RECORDS TO PROCESS —
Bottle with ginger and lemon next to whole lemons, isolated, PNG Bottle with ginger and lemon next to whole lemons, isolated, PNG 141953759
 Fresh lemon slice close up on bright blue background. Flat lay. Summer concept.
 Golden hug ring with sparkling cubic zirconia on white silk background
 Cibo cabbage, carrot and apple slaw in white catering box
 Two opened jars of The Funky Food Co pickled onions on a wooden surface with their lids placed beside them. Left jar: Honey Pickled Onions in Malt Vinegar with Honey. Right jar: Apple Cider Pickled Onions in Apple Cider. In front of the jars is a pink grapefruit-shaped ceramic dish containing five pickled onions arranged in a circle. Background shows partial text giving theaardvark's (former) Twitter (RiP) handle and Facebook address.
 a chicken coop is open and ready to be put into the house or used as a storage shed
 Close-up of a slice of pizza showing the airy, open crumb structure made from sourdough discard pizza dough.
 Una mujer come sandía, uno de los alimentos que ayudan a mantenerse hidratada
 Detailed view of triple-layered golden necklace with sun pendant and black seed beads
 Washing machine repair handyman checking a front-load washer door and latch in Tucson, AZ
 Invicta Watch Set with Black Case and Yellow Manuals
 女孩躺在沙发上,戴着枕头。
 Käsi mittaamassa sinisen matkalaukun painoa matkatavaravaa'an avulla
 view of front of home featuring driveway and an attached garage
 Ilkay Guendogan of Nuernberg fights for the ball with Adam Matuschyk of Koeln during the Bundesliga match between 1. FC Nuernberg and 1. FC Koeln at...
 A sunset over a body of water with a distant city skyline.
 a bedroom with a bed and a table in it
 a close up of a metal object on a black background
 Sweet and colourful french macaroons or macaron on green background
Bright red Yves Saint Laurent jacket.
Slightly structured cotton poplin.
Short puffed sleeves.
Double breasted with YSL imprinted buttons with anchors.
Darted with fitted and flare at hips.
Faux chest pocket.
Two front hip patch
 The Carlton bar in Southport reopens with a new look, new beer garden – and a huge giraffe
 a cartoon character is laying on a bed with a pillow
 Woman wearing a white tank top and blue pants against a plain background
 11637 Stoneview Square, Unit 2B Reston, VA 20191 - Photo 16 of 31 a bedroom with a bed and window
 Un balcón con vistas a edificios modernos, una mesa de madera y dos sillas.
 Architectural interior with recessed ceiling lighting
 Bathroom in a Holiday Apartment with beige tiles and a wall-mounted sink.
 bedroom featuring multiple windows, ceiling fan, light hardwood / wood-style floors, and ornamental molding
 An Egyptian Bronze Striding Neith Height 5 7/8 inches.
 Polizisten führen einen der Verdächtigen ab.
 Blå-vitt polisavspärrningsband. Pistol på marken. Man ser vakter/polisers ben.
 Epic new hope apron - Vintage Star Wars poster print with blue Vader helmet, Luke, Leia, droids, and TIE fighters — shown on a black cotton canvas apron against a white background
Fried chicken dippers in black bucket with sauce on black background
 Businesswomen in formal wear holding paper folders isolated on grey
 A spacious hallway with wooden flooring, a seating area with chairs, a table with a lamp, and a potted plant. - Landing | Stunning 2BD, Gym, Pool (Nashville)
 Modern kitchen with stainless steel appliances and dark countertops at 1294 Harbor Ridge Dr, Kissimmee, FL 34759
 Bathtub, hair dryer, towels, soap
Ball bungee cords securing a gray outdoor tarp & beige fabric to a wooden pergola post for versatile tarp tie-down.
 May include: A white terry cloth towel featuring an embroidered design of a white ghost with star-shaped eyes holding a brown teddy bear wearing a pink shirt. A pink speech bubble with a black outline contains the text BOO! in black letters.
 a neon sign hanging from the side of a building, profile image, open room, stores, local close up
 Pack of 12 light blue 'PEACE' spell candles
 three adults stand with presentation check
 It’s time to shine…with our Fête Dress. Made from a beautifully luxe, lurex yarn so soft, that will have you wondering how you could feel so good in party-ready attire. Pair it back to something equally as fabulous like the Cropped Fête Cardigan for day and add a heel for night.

EXERCISE PROMPT — From the entries above, write out only the lines starting at the line that holds "11637 Stoneview Square, Unit" and ending at the line that holds "Ball bungee cords", keeping both and matching them exactly.

REPLY TO THE TASK —
 11637 Stoneview Square, Unit 2B Reston, VA 20191 - Photo 16 of 31 a bedroom with a bed and window
 Un balcón con vistas a edificios modernos, una mesa de madera y dos sillas.
 Architectural interior with recessed ceiling lighting
 Bathroom in a Holiday Apartment with beige tiles and a wall-mounted sink.
 bedroom featuring multiple windows, ceiling fan, light hardwood / wood-style floors, and ornamental molding
 An Egyptian Bronze Striding Neith Height 5 7/8 inches.
 Polizisten führen einen der Verdächtigen ab.
 Blå-vitt polisavspärrningsband. Pistol på marken. Man ser vakter/polisers ben.
 Epic new hope apron - Vintage Star Wars poster print with blue Vader helmet, Luke, Leia, droids, and TIE fighters — shown on a black cotton canvas apron against a white background
Fried chicken dippers in black bucket with sauce on black background
 Businesswomen in formal wear holding paper folders isolated on grey
 A spacious hallway with wooden flooring, a seating area with chairs, a table with a lamp, and a potted plant. - Landing | Stunning 2BD, Gym, Pool (Nashville)
 Modern kitchen with stainless steel appliances and dark countertops at 1294 Harbor Ridge Dr, Kissimmee, FL 34759
 Bathtub, hair dryer, towels, soap
Ball bungee cords securing a gray outdoor tarp & beige fabric to a wooden pergola post for versatile tarp tie-down.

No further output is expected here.